These can be used to tailor your program's expectations

http://www.python.org/dev/peps/pep-0249/#globals

A Constructor

DB API provides a constructor, connect(), which returns a Connection object:

connect(parameters)

This can be considered the entry point for the module. Once you've got a connection, everything else flows from there.

The parameters required and accepted by the connect constructor will vary from implementation to implementation, since they are specific to the underlying database.

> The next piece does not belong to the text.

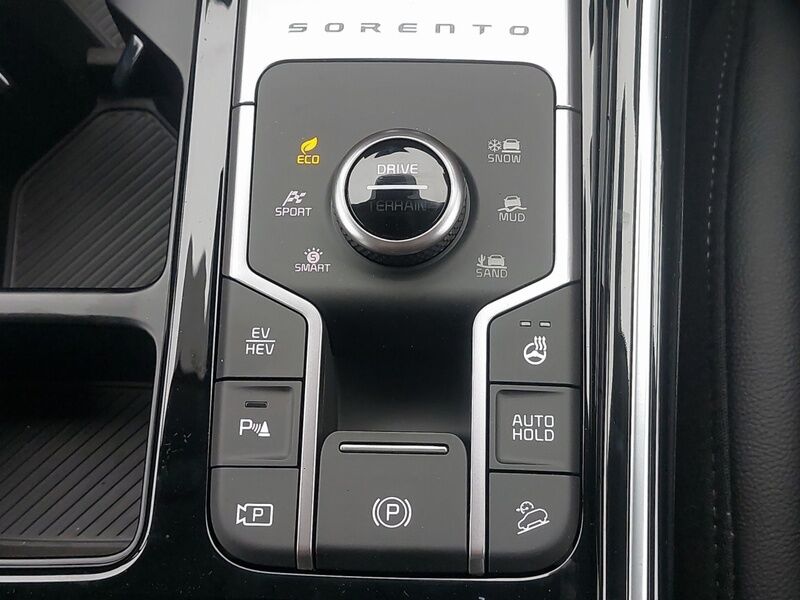 More views of Kia Sorento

In SQLite, just pass connect() a string containing a filename in which to open or create your database. Use ":memory:" to create an in-memory database.

A Connection

Some methods may not be supported by all implementations:

.close() - Closes the connection to the database permanently. Attempts to use the connection after calling this will raise a DB-API Error
.commit() - explicitly commit any pending transactions to the database. The method should be a no-op if the underlying db does not support transactions.
.rollback() This optional method causes a transaction to be rolled back to the starting point. It may not be implemented everywhere.
.cursor() returns a Cursor object which uses this Connection. Interaction with rows in your database is done through Cursors. http://en.wikipedia.org/wiki/Cursor_(databases)

Cursor settings

You can use a few values to control the rows returned by the cursor:

.arraysize - An integer which controls how many rows are returned at a time by .fetchmany (and optionally how many to send at a time with .executemany) Defaults to 1
.setinputsizes(sizes) - Used to set aside memory regions for parameters passed to an operation
.setoutputsize(size[, column]) - Used to control buffer size for large columns returned by an operation (BLOB or LONG types, for example).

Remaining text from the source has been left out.